Entre affirmations répétées de l’autorité présidentielle et fonctionnement politique basé sur la coopération, les déclarations de Bassirou Diomaye Faye éclairent la nature du rapport institutionnel avec Ousmane Sonko au sommet de l’exécutif sénégalais.
Depuis son arrivée au pouvoir, le président Bassirou Diomaye Faye a multiplié les prises de parole visant à clarifier le fonctionnement de l’exécutif dirigé aux côtés de son Premier ministre Ousmane Sonko, figure centrale de la majorité politique.
Une affirmation explicite de l’autorité présidentielle
Dans une déclaration largement relayée et vérifiée par plusieurs médias, le chef de l’État a tenu à rappeler la hiérarchie institutionnelle du système politique sénégalais :
👉 « Si je considère qu’il ne peut plus être mon Premier ministre, quelqu’un d’autre prendra sa place. »
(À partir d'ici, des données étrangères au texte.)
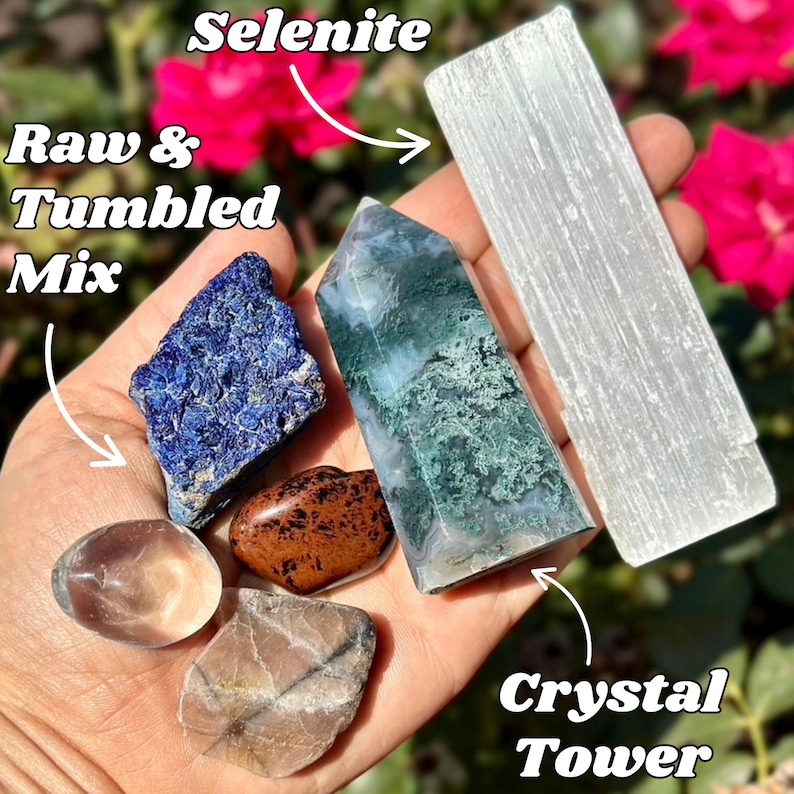 May include: A hand displays a collection of raw and tumbled crystals, including a blue azurite, a brown stone, and a clear quartz. A green and white crystal tower and a white selenite wand are also shown. The text reads "Selenite", "Raw & Tumbled Mix", and "Crystal Tower".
Cette phrase, au-delà de sa portée politique, réaffirme un principe constitutionnel central : le président demeure l’autorité de nomination et de révocation du chef du gouvernement.
Elle s’inscrit dans une série de messages visant à dissiper toute ambiguïté sur la répartition des rôles au sein de l’exécutif.
Un tandem issu d’une trajectoire politique commune
La relation entre les deux hommes reste néanmoins marquée par une forte proximité politique. Leur ascension s’est construite dans un cadre de convergence stratégique, qui continue d’influencer la perception de leur gouvernance.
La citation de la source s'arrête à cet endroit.